What the task asks:
Nothing but the lines from the one containing "Cover of Diario El Comercio" through the last line of the entries should appear in the output, each verbatim.

Material for this task:
____________________
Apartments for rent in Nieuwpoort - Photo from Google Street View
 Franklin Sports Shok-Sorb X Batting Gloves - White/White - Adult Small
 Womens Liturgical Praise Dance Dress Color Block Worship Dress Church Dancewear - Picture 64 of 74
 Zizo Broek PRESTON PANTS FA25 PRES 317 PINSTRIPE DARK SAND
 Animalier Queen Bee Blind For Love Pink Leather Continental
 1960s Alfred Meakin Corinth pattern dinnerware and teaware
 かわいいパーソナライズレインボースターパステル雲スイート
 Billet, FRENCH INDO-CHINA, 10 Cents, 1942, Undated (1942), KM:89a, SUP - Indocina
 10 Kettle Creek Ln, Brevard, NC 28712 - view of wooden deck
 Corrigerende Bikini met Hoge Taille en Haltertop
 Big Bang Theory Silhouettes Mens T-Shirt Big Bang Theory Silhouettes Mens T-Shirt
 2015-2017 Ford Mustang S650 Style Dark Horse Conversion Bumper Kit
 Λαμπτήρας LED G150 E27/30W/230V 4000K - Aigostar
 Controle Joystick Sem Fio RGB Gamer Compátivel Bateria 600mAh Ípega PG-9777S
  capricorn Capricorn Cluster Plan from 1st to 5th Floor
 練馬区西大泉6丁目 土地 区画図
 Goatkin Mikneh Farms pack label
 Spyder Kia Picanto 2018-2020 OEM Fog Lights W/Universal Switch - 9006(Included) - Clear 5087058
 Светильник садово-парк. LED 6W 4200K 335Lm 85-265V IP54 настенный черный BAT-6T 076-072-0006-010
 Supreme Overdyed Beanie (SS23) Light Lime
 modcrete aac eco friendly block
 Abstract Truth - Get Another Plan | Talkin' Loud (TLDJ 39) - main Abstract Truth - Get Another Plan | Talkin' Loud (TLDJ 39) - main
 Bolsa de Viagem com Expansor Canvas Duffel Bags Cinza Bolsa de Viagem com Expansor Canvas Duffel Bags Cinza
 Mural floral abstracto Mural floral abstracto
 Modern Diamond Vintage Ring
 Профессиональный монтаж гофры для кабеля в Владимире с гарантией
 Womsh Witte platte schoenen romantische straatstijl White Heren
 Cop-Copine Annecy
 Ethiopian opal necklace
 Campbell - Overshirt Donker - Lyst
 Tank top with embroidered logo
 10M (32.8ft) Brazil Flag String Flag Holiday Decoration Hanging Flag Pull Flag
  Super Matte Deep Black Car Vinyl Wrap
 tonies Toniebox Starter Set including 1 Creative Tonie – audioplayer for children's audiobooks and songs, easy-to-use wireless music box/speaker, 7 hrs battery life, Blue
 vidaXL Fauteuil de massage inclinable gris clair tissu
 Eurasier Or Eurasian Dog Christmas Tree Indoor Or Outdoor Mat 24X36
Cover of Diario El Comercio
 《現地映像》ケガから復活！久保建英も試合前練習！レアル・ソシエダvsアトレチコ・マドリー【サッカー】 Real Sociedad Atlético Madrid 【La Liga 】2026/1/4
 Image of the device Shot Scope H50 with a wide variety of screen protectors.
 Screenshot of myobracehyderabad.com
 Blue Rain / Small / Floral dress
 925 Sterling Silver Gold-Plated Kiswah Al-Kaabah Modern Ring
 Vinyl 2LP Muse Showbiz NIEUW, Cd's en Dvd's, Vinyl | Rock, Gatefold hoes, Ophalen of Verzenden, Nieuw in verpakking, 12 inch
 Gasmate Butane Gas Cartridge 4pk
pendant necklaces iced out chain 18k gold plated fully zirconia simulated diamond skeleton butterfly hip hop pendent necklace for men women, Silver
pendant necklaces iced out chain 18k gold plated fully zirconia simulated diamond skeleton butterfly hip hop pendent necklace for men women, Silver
____________________
Solution:
Cover of Diario El Comercio
 《現地映像》ケガから復活！久保建英も試合前練習！レアル・ソシエダvsアトレチコ・マドリー【サッカー】 Real Sociedad Atlético Madrid 【La Liga 】2026/1/4
 Image of the device Shot Scope H50 with a wide variety of screen protectors.
 Screenshot of myobracehyderabad.com
 Blue Rain / Small / Floral dress
 925 Sterling Silver Gold-Plated Kiswah Al-Kaabah Modern Ring
 Vinyl 2LP Muse Showbiz NIEUW, Cd's en Dvd's, Vinyl | Rock, Gatefold hoes, Ophalen of Verzenden, Nieuw in verpakking, 12 inch
 Gasmate Butane Gas Cartridge 4pk
pendant necklaces iced out chain 18k gold plated fully zirconia simulated diamond skeleton butterfly hip hop pendent necklace for men women, Silver
pendant necklaces iced out chain 18k gold plated fully zirconia simulated diamond skeleton butterfly hip hop pendent necklace for men women, Silver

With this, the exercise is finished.